HOW TO COMPLETE THIS TASK: Repeat only the lines below that run from the line with "Принтер HP - LaserJet" to the line with "هتل Green House Boğaziçi – Dodo House", ends included; skip every picture.

DATA EXTRACTS:
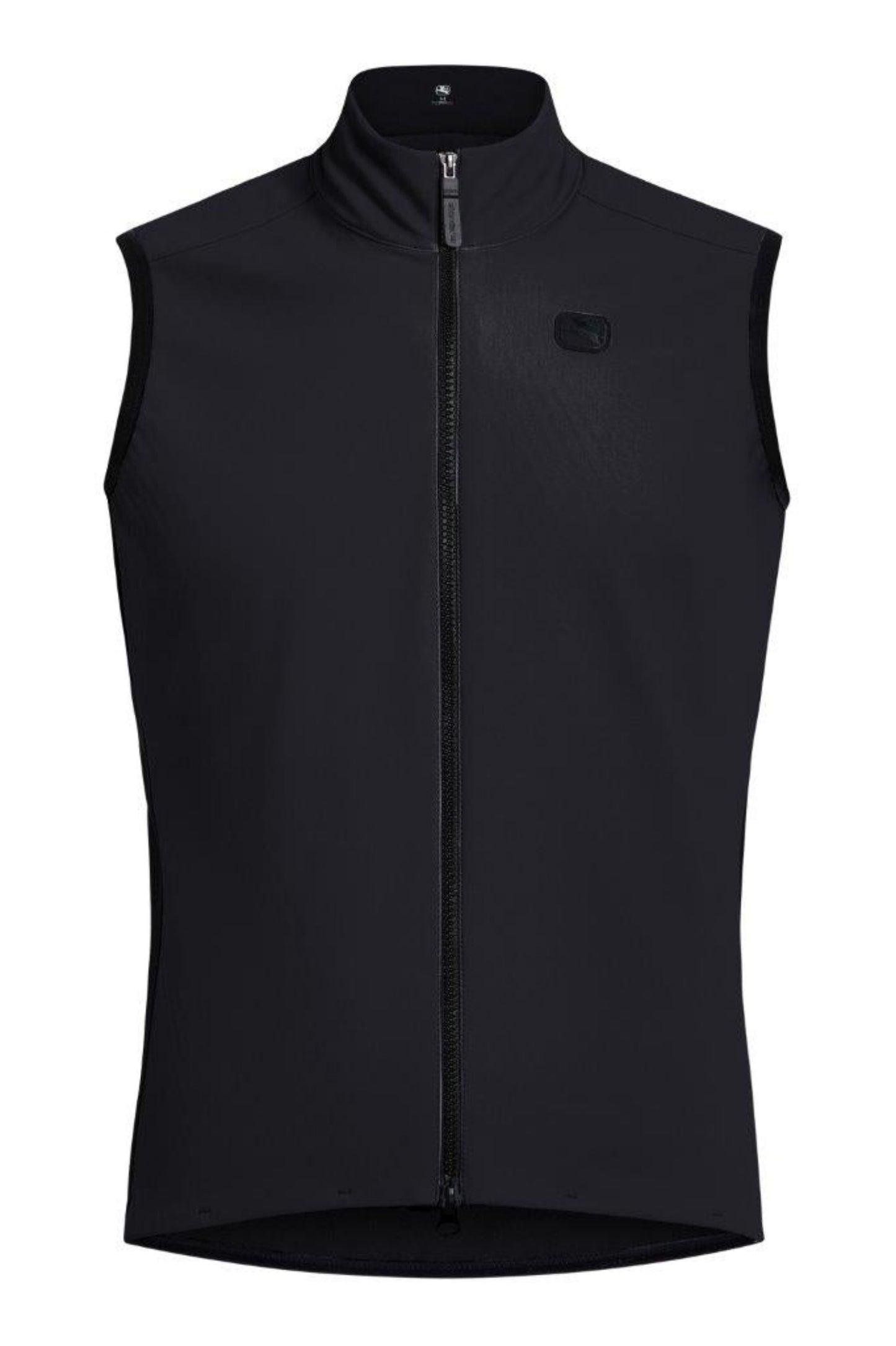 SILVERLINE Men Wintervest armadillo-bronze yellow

* * *

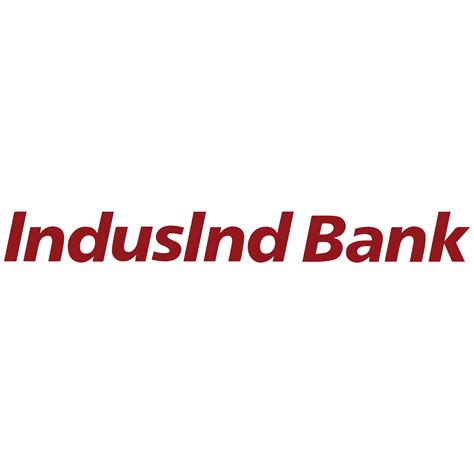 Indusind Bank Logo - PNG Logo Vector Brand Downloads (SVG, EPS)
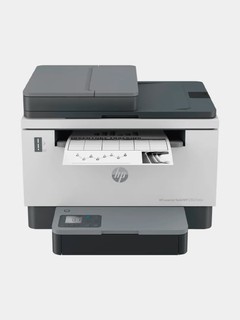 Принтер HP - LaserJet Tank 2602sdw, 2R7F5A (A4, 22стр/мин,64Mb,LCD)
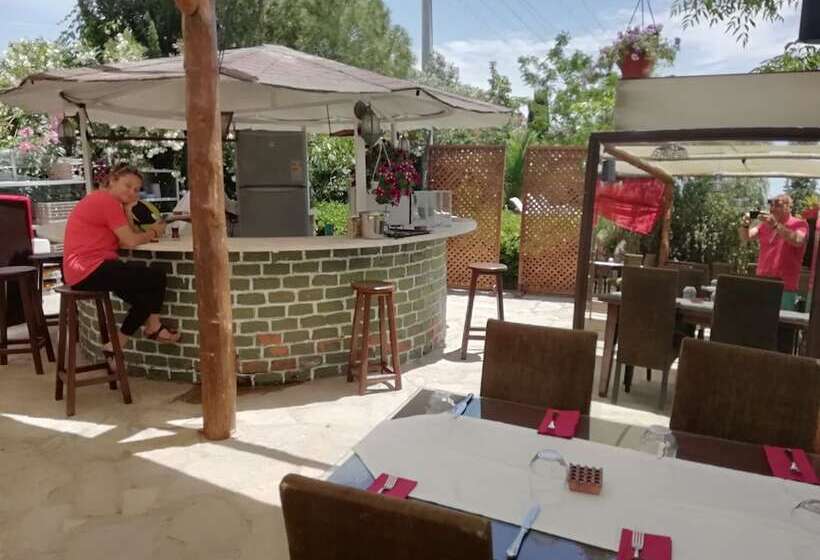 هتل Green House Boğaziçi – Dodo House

---

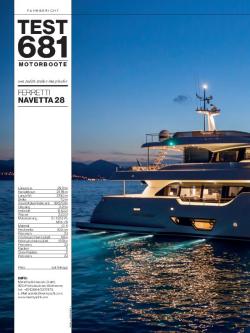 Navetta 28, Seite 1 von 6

YOUR RESPONSE:
 Принтер HP - LaserJet Tank 2602sdw, 2R7F5A (A4, 22стр/мин,64Mb,LCD)
 هتل Green House Boğaziçi – Dodo House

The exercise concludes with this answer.